ERANYA berubah. Dan memang sudah harus berubah. Ketika Presiden Joko Widodo (Jokowi) menyebut Nadiem Anwar Makarin menjabat menteri pendidikan dan kebudayaan, banyak orang meragukan kemampuannya. Anak muda yang belum kenyang menimba ilmu, bisa-bisanya memimpin kementerian yang kini membawahi perguruan tinggi.
Mungkin selama ini kementerian yang mengelola ribuan profesor doktor baik jebolan dari luar negeri maupun dalam negeri, guru, mahasiswa, dan siswa harus dipimpin dari kalangan kampus. Sebut saja di era Orde Baru, ada nama Daud Yusuf, Fuad Hasan, Wardiman Djoyonegoro. Terakhir Anies Baswedan dan Muhadjir Effendy. Semua bertitel guru besar.
Kini kementerian yang menentukan arah masa depan manusia negeri ini dipimpin sosok anak muda. Dalam Kabinet Jokowi-Ma’ruf, Nadiem tergolong berusia sangat muda. Publik seisi republik ini kaget dibuatnya. Apalagi Nadiem tidak memiliki latar belakang sebagai pendidik.
Adalah Ketua Umum Ikatan Guru Indonesia (IGI), M Ramli Rahim skeptis terhadap anak muda yang akan memimpin kementerian. “Nadiem memang alumnus Brown University dan Harvard Business School Amerika, namun dia belum tentu tahu peta pendidikan,” ujar dia. Sukses di Go-Jek belum tentu bisa dipakai di dunia pendidikan yang penuh masalah ini.
Bahkan, temanku di Universitas Lampung (Unila) bergelar doktor sangat pesimistis hingga membuat lelucon di grup WhatsApp, “Jangan-jangan mau membayar uang kuliah pakai Go-Pay,” kata dia. Hadirnya Nadiem memimpin Kemendikbud menghentak dinding kampus. Selama ini, kebiasaan yang tidak tertulis bahwa Kemendikbud harus diisi dari kalangan kampus.
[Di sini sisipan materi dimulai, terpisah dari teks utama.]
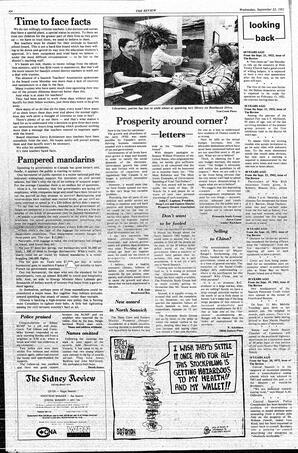 The Sidney Review Wed, September 22, 1982 (Page 4)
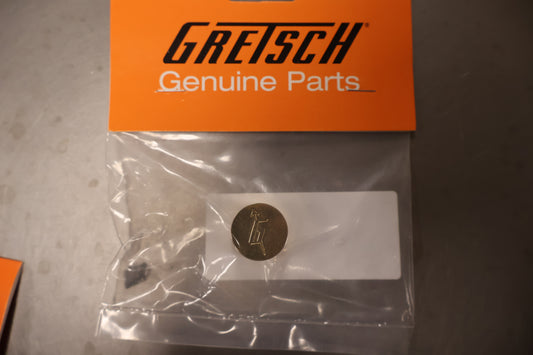 Gretsch Knob, Gretsch G Arrow Logo, Gold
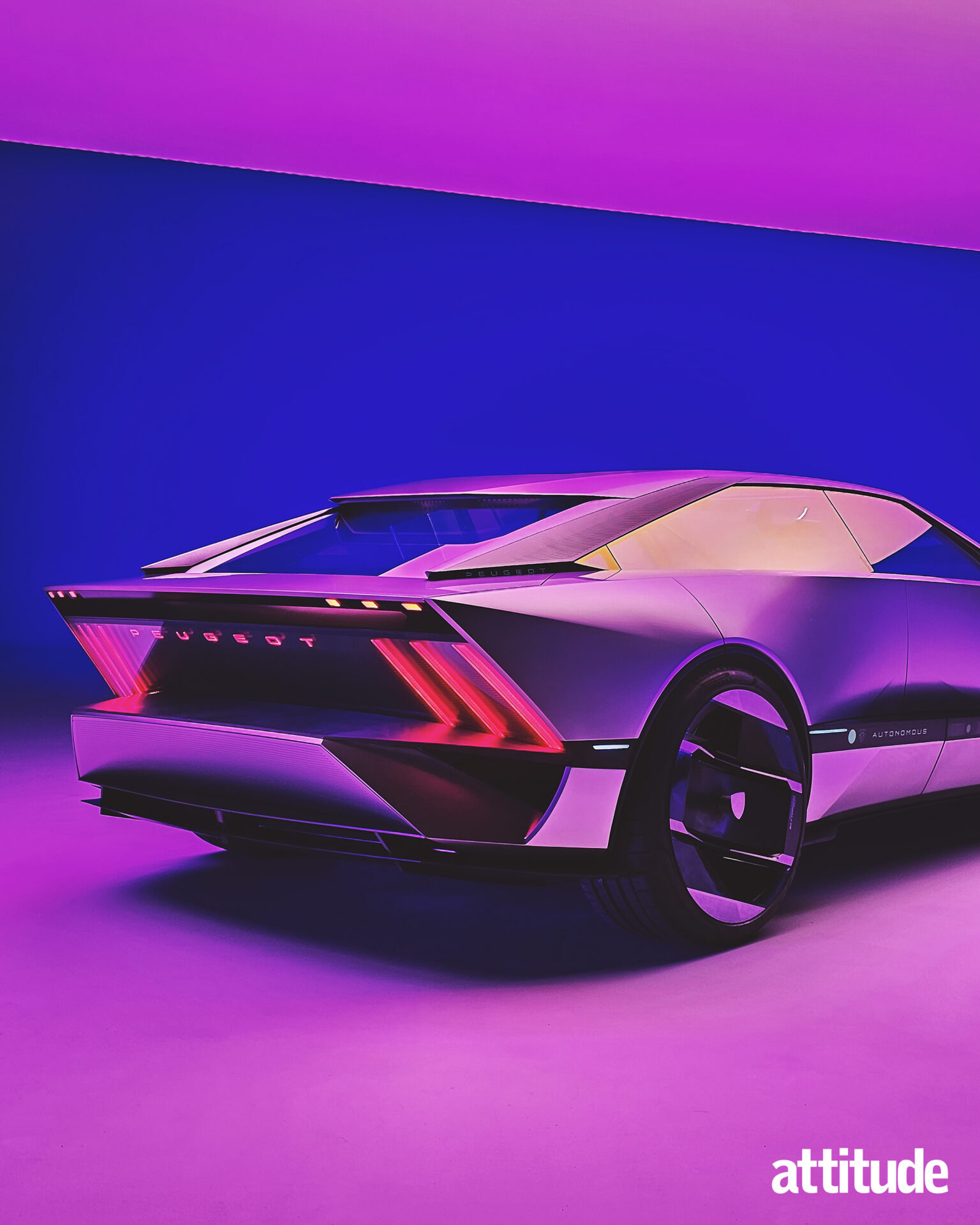 Peugeot Inception Book See the future with Peugeot and Jonathon Luke Baker - Attitude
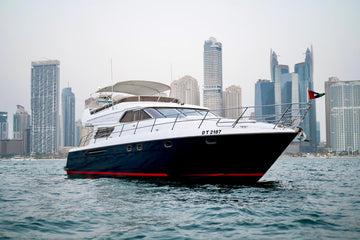 Dubai: Blue Mermaid Yacht Tour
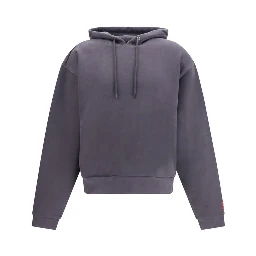 Gray Cotton Sweatshirt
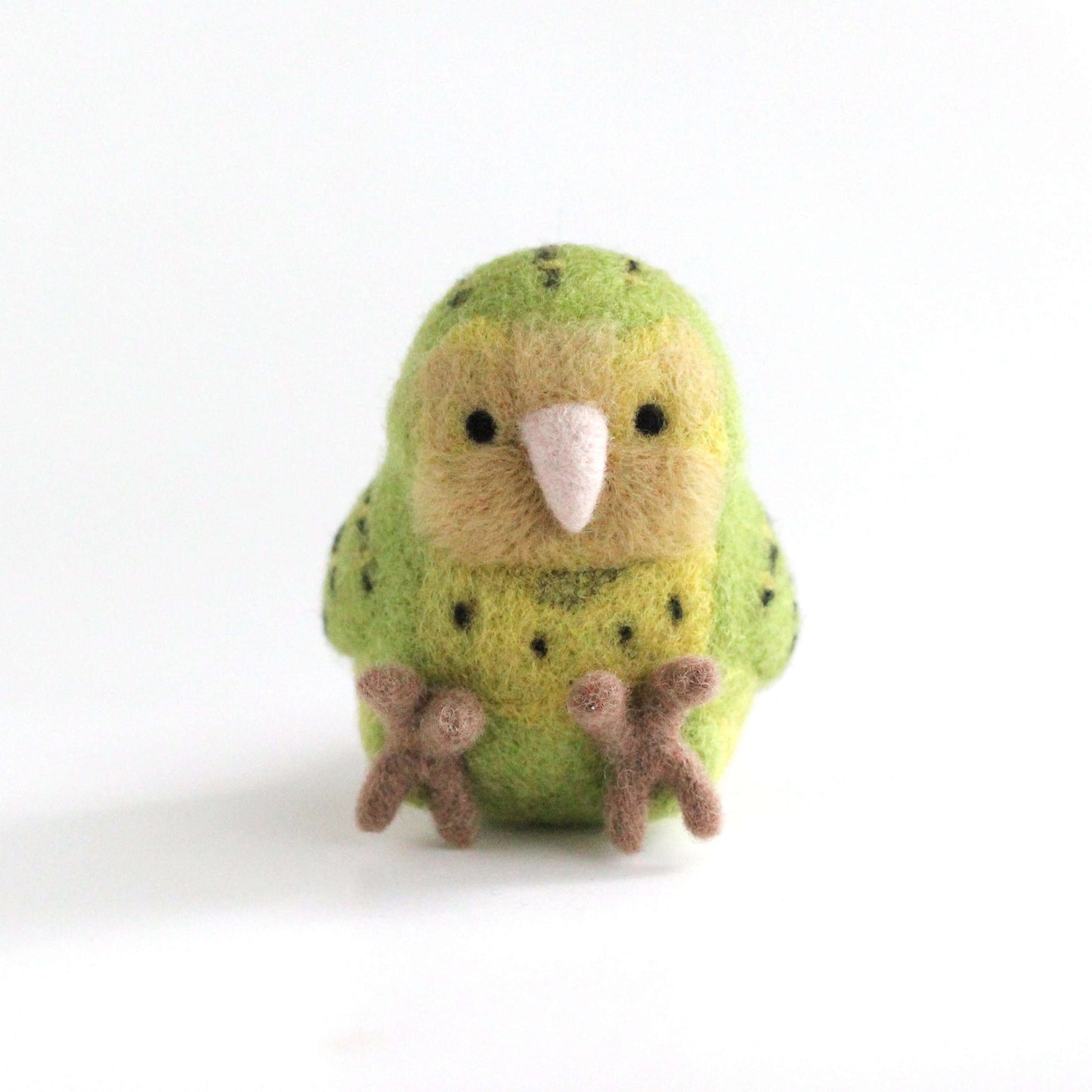 Needle Felted Kakapo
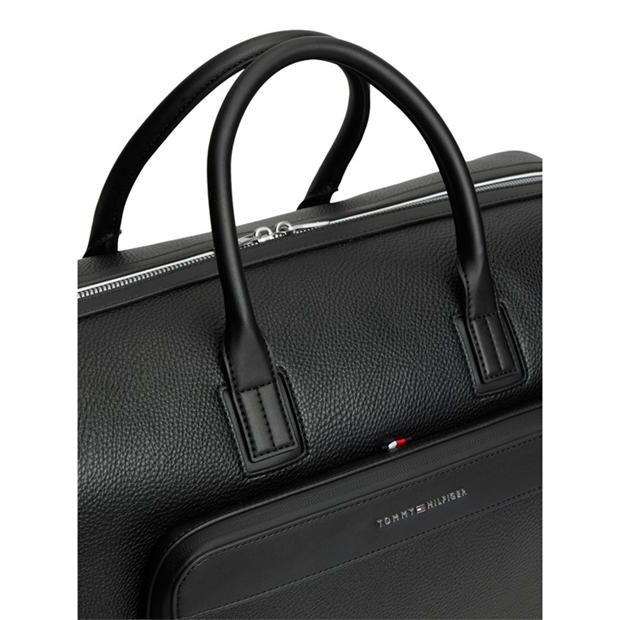 Black - Tommy Hilfiger - Central Duffle Bag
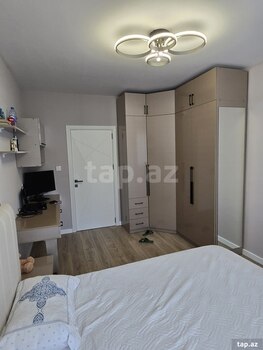 3-otaqlı mənzil, Xətai r., 80 m²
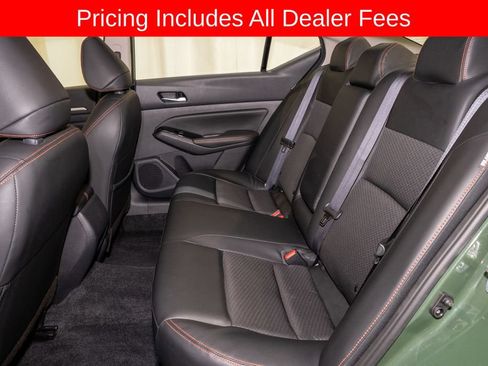 Certified 2025 Nissan Altima 2.5 SR FWD image 8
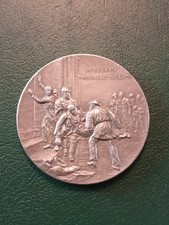 Medaglia inaugurazione guardia usato  Zelo Buon Persico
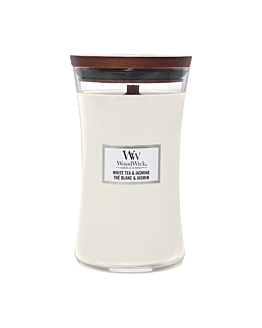 Woodwick Core Świeca zapachowa White Tea & Jasmine, 610 g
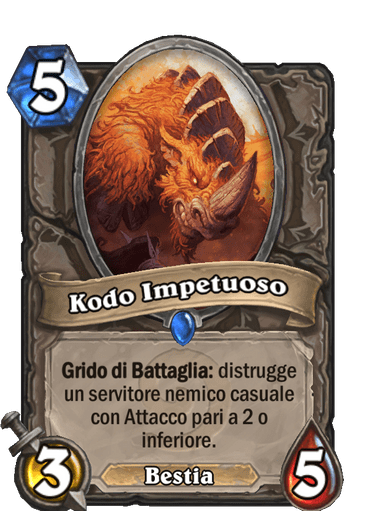 Kodo Impetuoso (Retaggio)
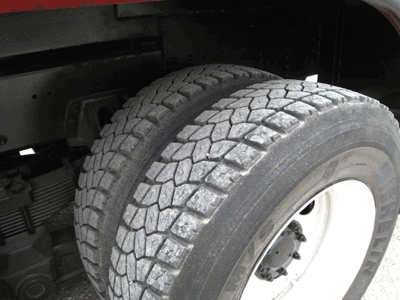 Digger Truck Tires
Nadiem sebagai seorang penggagas aplikasi on-demand Go-Jek. Juga chief executive officer (CEO) perusahaan yang menguasai pasar transportasi di Indonesia itu, belum bisa diterima para guru besar dan pendidik. Alasan apa, Nadiem bisa-bisanya menjadi menteri pendidikan dan kebudayaan?
Ketua Umum Ikatan Guru Indonesia (IGI), M Ramli Rahim skeptis terhadap anak muda yang akan memimpin kementerian.
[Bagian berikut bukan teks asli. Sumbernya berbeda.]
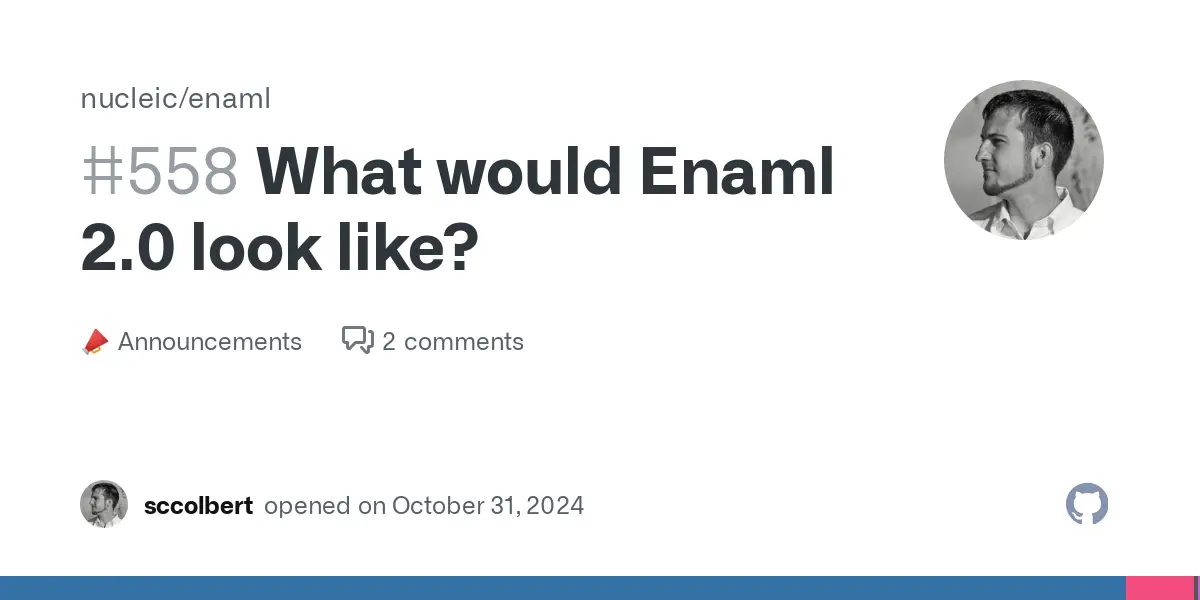 What would Enaml 2.0 look like? · nucleic enaml · Discussion #558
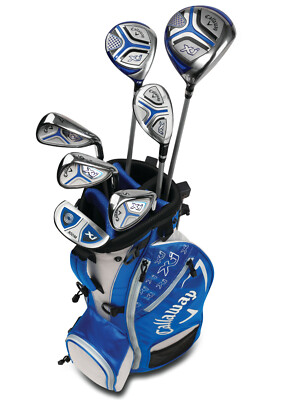 Callaway XJ3 Blue Junior Golf Set - 7 Piece | eBay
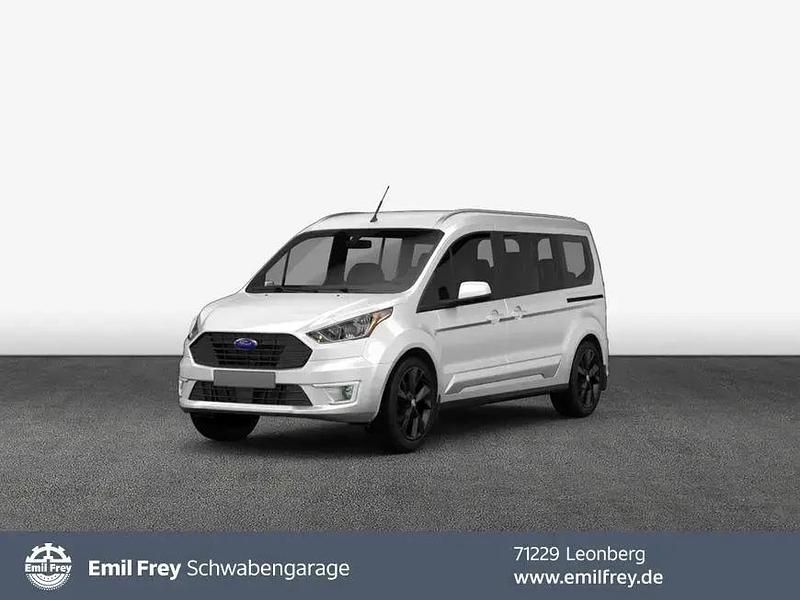 Weiß Gebraucht 2022 Ford Transit Trend Van | 14.250 € (Etwas zu teuer) - Bild 1/4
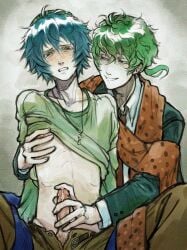 midori (your turn to die) from kimi ga shine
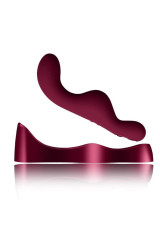 ROCKS-OFF - VIBRATORE PER PUNTO G ROSSO RUBY GLOW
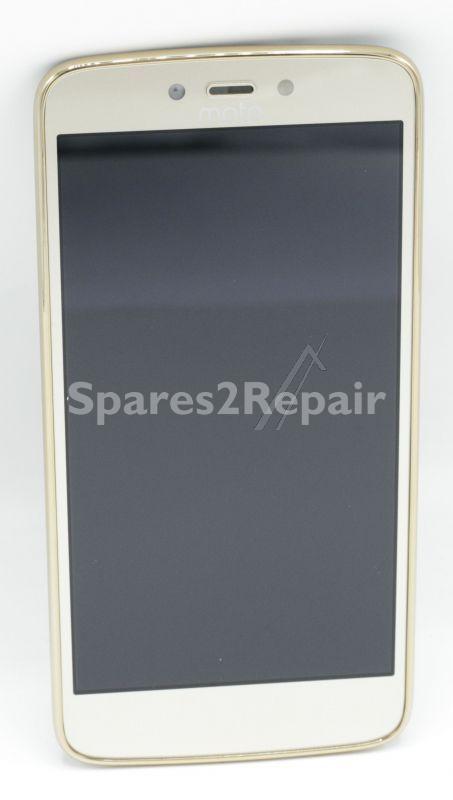 Motorola Display Unit - 5d68c06947 Display Lcd + Touch Screen (gold)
Selama ini Kemenristek dan Dikti saja belum mampu mendorong profesor untuk aktif menulis. Ini sebuah persoalan. Sementara guru besar sudah mengantongi tunjangan profesi mencapai puluhan juta rupiah setiap bulan. Ini serius yang dihadapi perguruan tinggi!
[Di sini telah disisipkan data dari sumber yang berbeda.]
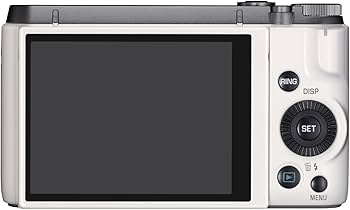 Casio Digital Camera Exilim Zr1100 White Ex-zr1100we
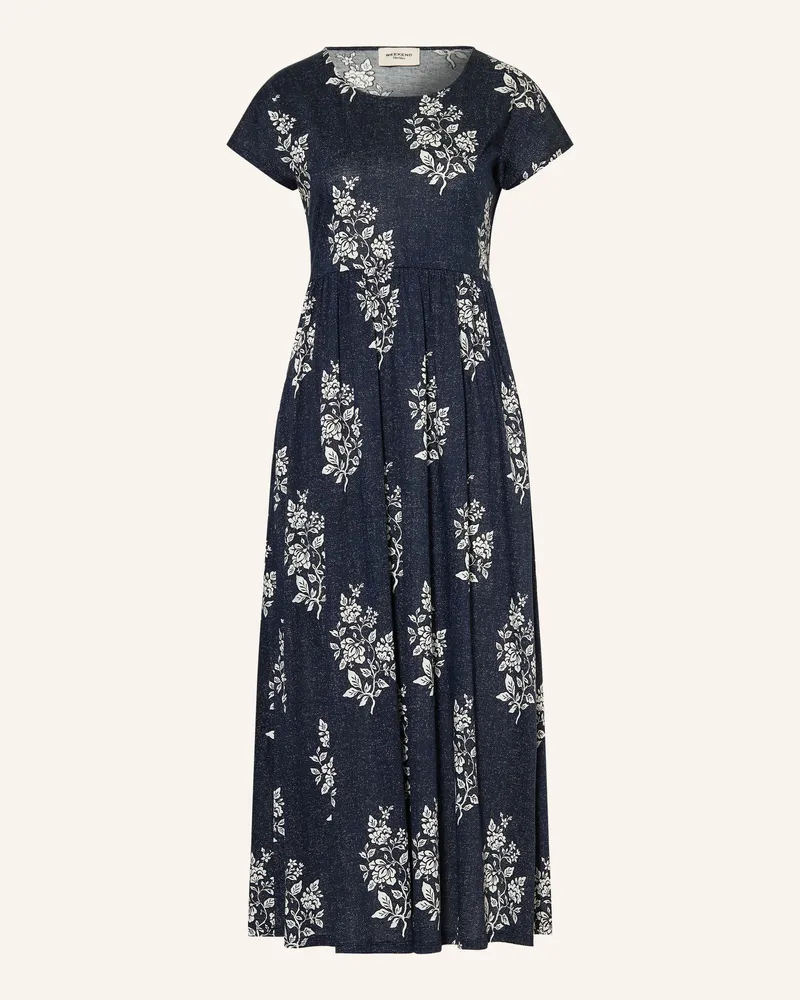 Max Mara Jerseykleid Gufo In Jeansoptik blau Dunkelblau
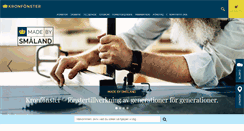 Desktop Screenshot of kronfonster.se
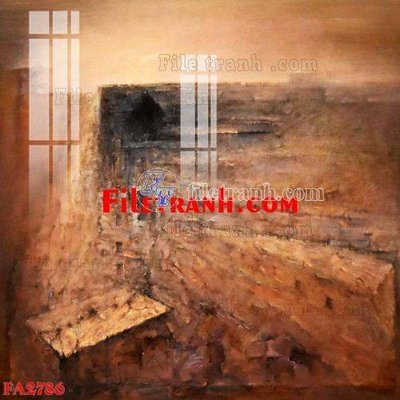 File ảnh File gốc in bộ tranh decor treo tráng gương canvas FA2786 (gốc) in Hiflex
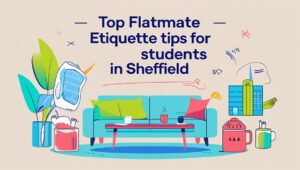 Top Flatmate Etiquette Tips for Students in Sheffield
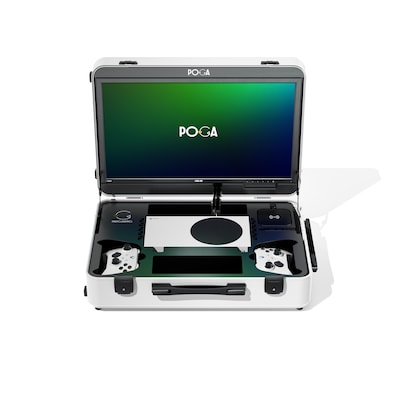 Poga Pro White - Xbox Series S Inlay von Indi Gaming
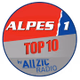 Alpes 1 - TOP10 by Allzic Logo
Aplikasi Science and Technology Index (Sinta) Ristekdikti mencatat angka persoalan tersebut selama tiga tahun terakhir. Per akhir 2017 saja, ada 1.551 profesor yang karyanya memenuhi syarat. Padahal jumlah profesor yang mendaftar 4.200 orang. Belum lagi untuk lektor kepala. Dari 17.133 orang yang mendaftar hanya 2.517 orang yang lolos memenuhi syarat publikasi. Semua terhambat karena peraturan. Mampukah Nadiem memberikan solusinya?
Saat ini, Nadiem akan mengelola orang pinter seperti dosen berjumlah 283.653 orang. Untuk guru berjumlah 2.755.020 orang yang tersebar di SD, SMP, SMA-SMK, dan SLB. Janganlah menteri berganti, akan berganti pula buku pelajaran. Kurikulum yang tidak membumi menimbulkan persoalan baru. Pastikan kurikulum terus berubah mengikuti zaman, tapi mampu menjawab permintaan dunia kerja.
Adakah kesombongan intelektual di situ? Tidak mau menerima perubahan. Faktanya, lulusan sekolah menengah atas dan kejuruan tidak bisa bekerja karena memang tidak dilatih mandiri. Belum lagi penguasaan bahasa dan keahlian. Inilah pendidikan yang dihadapi Indonesia.
Untuk itu pula Jokowi mencari sosok baru memimpin Kemendikbud. Sang Presiden yang disuka milenial, lebih suka memilih anak-anak yang segar dan tidak banyak teori dalam menjalankan tugas.
***
Iya negeri ini sudah merdeka 74 tahun. Berkata jujur bahwa Indonesia kaya raya, tapi negeri ini belum menjamin anak bangsa bersaing menjawab pasar tenaga kerja. Di tengah kegalauan dosen dan guru tadi juga, Nadiem sangat tahu persis persoalan pendidikan di negeri ini. Nadiem sangat mengerti tentang apa yang ada di masa depan pendidikan.
Kata Nadiem, pendidikan di Indonesia berada di urutan terbesar keempat di dunia. Namun belum banyak perubahan 20—30 tahun terakhir meskipun mendikbud dan menristek-dikti sudah membuat banyak kemajuan. “Saya mencoba menyambungkan apa yang dilakukan institusi pendidikan dengan yang dibutuhkan di luar institusi pendidikan,” kata dia.
Faktanya, lulusan sekolah menengah atas dan kejuruan tidak bisa bekerja karena memang tidak dilatih mandiri.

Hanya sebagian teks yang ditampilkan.